If you direct your energy toward churning out your honest-to-goodness best effort, and you wind up on top, that’s fabulous. If your outcome is a flop, that’s great too. If you do your best, no matter what, you’ll either feel like a champ or encounter a valuable learning experience—both of those outcomes are absolutely stellar.
In The Four Agreements (a book I believe everyone needs to read), author Don Miguel Ruiz writes:
“…Your best is never going to be the same from one moment to the next. Everything is alive and changing all the time, so your best will sometimes be high quality, and other times it will not be as good…
…Regardless of the quality, keep doing your best—no more and no less than your best. If you try too hard to do more than your best, you will spend more energy than is needed and in the end your best will not be enough. When you overdo, you deplete your body and go against yourself, and it will take you longer to accomplish your goal. But if you do less than your best, you subject yourself to frustrations, self-judgment, guilt, and regrets.”
Always do your best, while recognizing that “best” is a completely relative term.
Show up. Do the work. Root yourself in integrity, authenticity, and your highest commitments for living. Be grateful for your body’s many abilities and stay (stay, stay, stay!) enthusiastically committed to movement.
Do the best you can to direct your energy towards your highest commitments, and let the rest go. It’s always more peaceful when we try not to attach our worth to outcomes—because doing our best eliminates this incessant need for expectations.
Some days I might end my workouts feeling exhausted and underwhelmed, and other days I’ll feel like the Queen of All Things Iron. I don’t know what to expect on this wild adventure of sweat and strength, but I do know one thing: I am fully committed to giving it my absolute best.
It can feel a little strange to let go of an outcome and focus on the effort or the process—especially when you expect things to go a certain “logical” way, or you really, really want a particular outcome. How do you even begin making that mindset shift?
It starts with intention. There are three ways to shift your focus from outcomes to simply doing your best today — and every day.
1. Set an intention each morning that is free of expectations.
Setting intentions, as opposed to goals, helps eliminate the “failure” aspect that often comes from a strictly goal-oriented mindset. Often when we set goals, we are so focused on the outcome that we lament anything other than the outcome we envisioned.

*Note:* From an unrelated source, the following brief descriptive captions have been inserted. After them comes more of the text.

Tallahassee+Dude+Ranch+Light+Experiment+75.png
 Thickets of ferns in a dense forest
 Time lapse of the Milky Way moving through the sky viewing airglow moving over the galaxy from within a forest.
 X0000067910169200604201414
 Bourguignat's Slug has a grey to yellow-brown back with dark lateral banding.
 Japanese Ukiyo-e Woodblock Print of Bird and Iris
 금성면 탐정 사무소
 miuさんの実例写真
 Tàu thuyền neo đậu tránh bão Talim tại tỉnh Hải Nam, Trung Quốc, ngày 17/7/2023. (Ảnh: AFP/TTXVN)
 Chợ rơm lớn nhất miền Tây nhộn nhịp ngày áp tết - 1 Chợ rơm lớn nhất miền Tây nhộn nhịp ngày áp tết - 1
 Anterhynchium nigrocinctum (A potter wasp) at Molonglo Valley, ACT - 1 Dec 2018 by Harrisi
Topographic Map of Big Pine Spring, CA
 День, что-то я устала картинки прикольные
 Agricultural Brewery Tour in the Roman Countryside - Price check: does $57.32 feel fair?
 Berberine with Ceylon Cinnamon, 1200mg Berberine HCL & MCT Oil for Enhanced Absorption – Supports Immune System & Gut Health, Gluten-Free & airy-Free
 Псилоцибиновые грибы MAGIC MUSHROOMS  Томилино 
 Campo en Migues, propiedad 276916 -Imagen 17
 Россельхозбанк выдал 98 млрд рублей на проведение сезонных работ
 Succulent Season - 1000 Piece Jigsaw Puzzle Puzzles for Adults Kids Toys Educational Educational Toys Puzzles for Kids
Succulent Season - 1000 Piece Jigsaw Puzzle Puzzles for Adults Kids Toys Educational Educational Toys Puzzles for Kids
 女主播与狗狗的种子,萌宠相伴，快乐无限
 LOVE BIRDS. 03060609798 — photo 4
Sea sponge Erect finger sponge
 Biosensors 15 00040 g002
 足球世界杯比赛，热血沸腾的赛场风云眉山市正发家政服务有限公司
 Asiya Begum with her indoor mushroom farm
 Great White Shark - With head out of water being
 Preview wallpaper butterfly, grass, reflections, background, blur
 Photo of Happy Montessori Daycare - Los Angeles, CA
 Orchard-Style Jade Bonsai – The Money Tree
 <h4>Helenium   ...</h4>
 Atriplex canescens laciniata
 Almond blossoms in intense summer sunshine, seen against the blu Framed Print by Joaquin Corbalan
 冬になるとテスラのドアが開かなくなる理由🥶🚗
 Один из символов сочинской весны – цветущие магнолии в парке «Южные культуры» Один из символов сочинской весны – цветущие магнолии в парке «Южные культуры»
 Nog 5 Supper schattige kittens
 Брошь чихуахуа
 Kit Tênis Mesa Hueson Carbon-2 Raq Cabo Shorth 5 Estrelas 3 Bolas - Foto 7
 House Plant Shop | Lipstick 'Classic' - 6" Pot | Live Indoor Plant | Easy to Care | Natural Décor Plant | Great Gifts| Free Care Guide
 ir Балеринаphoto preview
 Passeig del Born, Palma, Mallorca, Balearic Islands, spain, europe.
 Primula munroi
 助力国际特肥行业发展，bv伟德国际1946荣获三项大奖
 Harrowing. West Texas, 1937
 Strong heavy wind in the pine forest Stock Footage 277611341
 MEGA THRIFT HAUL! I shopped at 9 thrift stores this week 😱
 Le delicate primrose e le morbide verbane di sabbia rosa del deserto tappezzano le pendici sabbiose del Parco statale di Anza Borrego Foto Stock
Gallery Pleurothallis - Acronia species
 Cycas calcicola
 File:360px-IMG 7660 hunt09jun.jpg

Setting intentions keeps us open and adaptable; intentions serve as a reminder to live in alignment with our values and own our worthiness. Write down your intention and, throughout the day, as your emotions swell, refer back to that sheet of paper to help ground and center you. For example, “My intention today is to do my absolute best, and to give myself grace and compassion, no matter the outcome.”
2. Lean on a friend who has earned the right to see you at your most vulnerable.
When you feel like you’re doing your best, and it still seems like it’s not good enough, reach out to a trusted friend who gets why you’re feeling down, and with whom you can talk about your struggles. This is not the friend who tangles your emotions into her, or who tells you to just suck it up. This is the friend whose spirit invigorates you, whose energy empowers you, and whose advice is thoughtful, compassionate, and objective.
You deserve someone to listen to you with an empathetic ear, and often, talking out those feelings can help you shift the focus toward intention rather than outcome.
3. Practice gratitude.
The thing about gratitude that is so powerful, is that it helps shift your perspective from the negative to the positive. Our brains are hardwired to seek out the negative (hello, survival and evolution!), but by practicing gratitude, we can actually train our brains to seek out the positive instead.
Whether you practice gratitude by keeping a journal or making a daily Instagram post to highlight a grateful thought—or any method that feels authentic to you—a grateful heart and a positive mind will help you process “crappy workouts” and not-so-great days with a bit more perspective, and a lot more productivity.